Les plus grosses fortunes favorisées

Mais le diable est dans les détails. Cet IFI favorisera essentiellement les plus gros patrimoines. Ce sont eux dont la fortune est principalement mobilière, les actifs immobiliers ne représentant guère plus de 20 % de leur patrimoine.

Pour les dirigeants qui bénéficiaient de l'exonération de leurs participations dans leur entreprise, cela ne changera pas grand-chose. En revanche, les actionnaires minoritaires de groupes familiaux se frottent les mains.

Ces derniers étaient jusqu'à présent souvent taxables sur la valeur totale de leurs titres car ils n'atteignaient pas les seuils de participation exigés par la loi (25 %) ou n'exerçaient pas d'activité dans l'entreprise. Pour échapper partiellement à l'impôt, à hauteur de 75 % de la valeur de leurs titres, ils pouvaient signer un pacte d'actionnaires aux lourdes contraintes.
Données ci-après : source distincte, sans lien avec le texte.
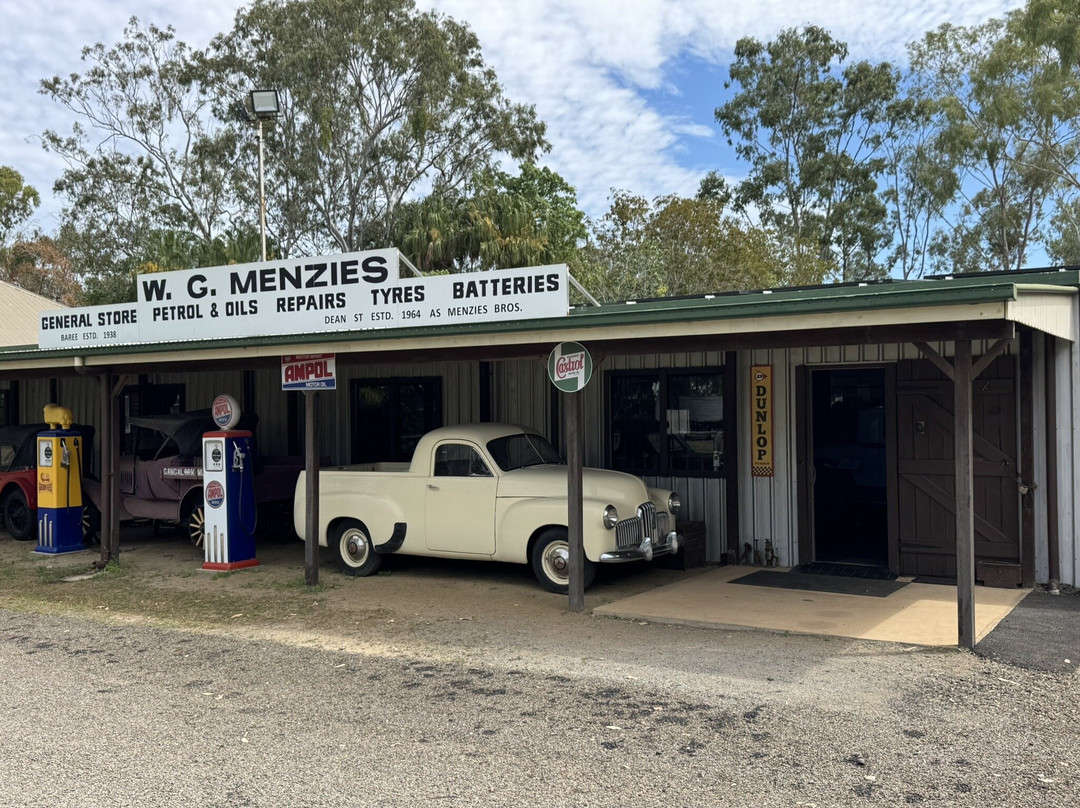 Rockhampton Heritage Village-罗克汉普顿必去景点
Toutes ces tracasseries leur seront désormais épargnées et ils pourront jouir de leurs dividendes et plus-values sans craindre l'impôt sur la fortune. On voit bien le but recherché par Emmanuel Macron. Il s'agit d'inciter les exilés fiscaux, en grande majorité des actionnaires minoritaires surtaxés par l'ISF, à regagner la mère patrie. Le pari est loin d'être gagné, car l'impôt sur la fortune existera toujours et dans cinq ans l'ISF ancienne version pourrait revenir !
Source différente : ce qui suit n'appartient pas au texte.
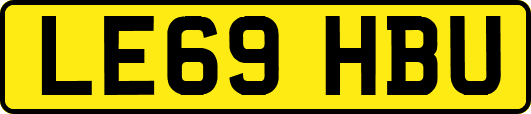 LE69HBU
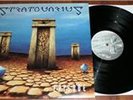 STRATOVARIUS  VINYL LP  EPISODE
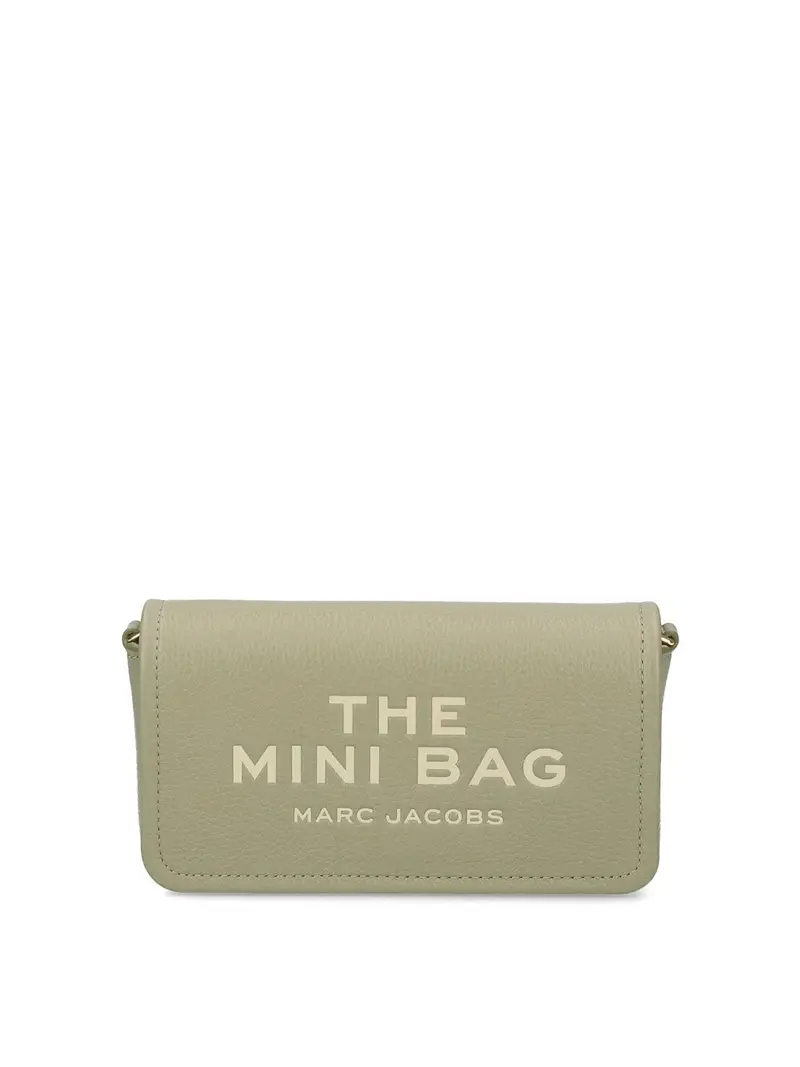 Borsa Mini Verde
Pas grand-chose pour les moins riches des riches

Quant aux "petits ISF", ceux dont la fortune est majoritairement immobilière, ils ne gagneront pas grand-chose. Les agriculteurs de l'île de Ré ou les Parisiens qui ont hérité ou acheté un appartement au bon moment qui vaut aujourd'hui une fortune ne verront pas une grande différence.
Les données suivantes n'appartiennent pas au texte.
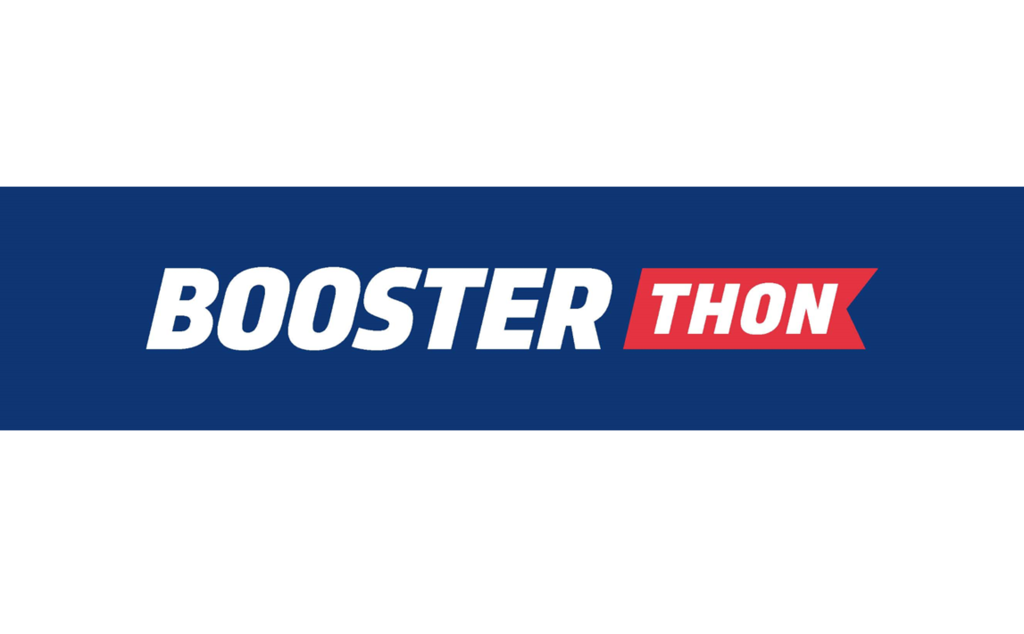 boosterthon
Prenons le cas d'un contribuable parisien dont la fortune est de 1,8 million d'euros et est composée d'un appartement de 150 m2 évalué après abattement à 1,4 million d'euros, d'un appartement locatif de 200 000 euros, le reste - soit 200 000 euros - étant constituté de son mobilier, sa voiture, d'un portefeuille titre et d'un contrat d'assurance vie. Son patrimoine taxable passe donc de 1,8 million d'euros à 1,6 million d'euros. Son ISF était de 6000 euros et son IFI sera de 4600 euros. Certes, il économise 1 400 euros et c'est toujours bon à prendre.

Mais l'économie d'impôt n'a rien à voir avec celle réalisée par l'actionnaire minoritaire d'un groupe familial. On suppose que son patrimoine taxable hors sa participation est de 1,5 million d'euros et les 10 % de titres de l'entreprise familiale qu'il détient, valorisés à 6 millions d'euros. Avec l'ISF, il payait 66 940 euros d'impôt si la valeur totale des titres était imposable et 15 690 euros s'ils étaient exonérés à concurrence de 75% suite à la signature d'un pacte d'actionnaires. Avec l'IFI, il ne versera que 3 900 euros d'impôt. On comprend mieux pourquoi nombre de très grandes fortunes ont soutenu la candidature d'Emmanuel Macron.

Comme quoi, avec cette réforme, il y a vraiment deux poids, deux mesures. On peut d'ailleurs s'interroger sur ce que pensera le Conseil constitutionnel d'un tel dispositif. Il y a manifestement inégalité de traitement entre les contribuables selon la composition de leur patrimoine.

Et on ne voit pas pourquoi un particulier qui préfère se constituer un patrimoine immobilier important, notamment à usage locatif, serait plus mal traité qu'un autre qui préfère investir dans l'entreprise. Après tout, leurs placements ont tous un intérêt pour notre économie. L'un contribue à la bonne santé du secteur de l'immobilier, fort pourvoyeur d'emploi, et loge des personnes. L'autre participe au développement des entreprises.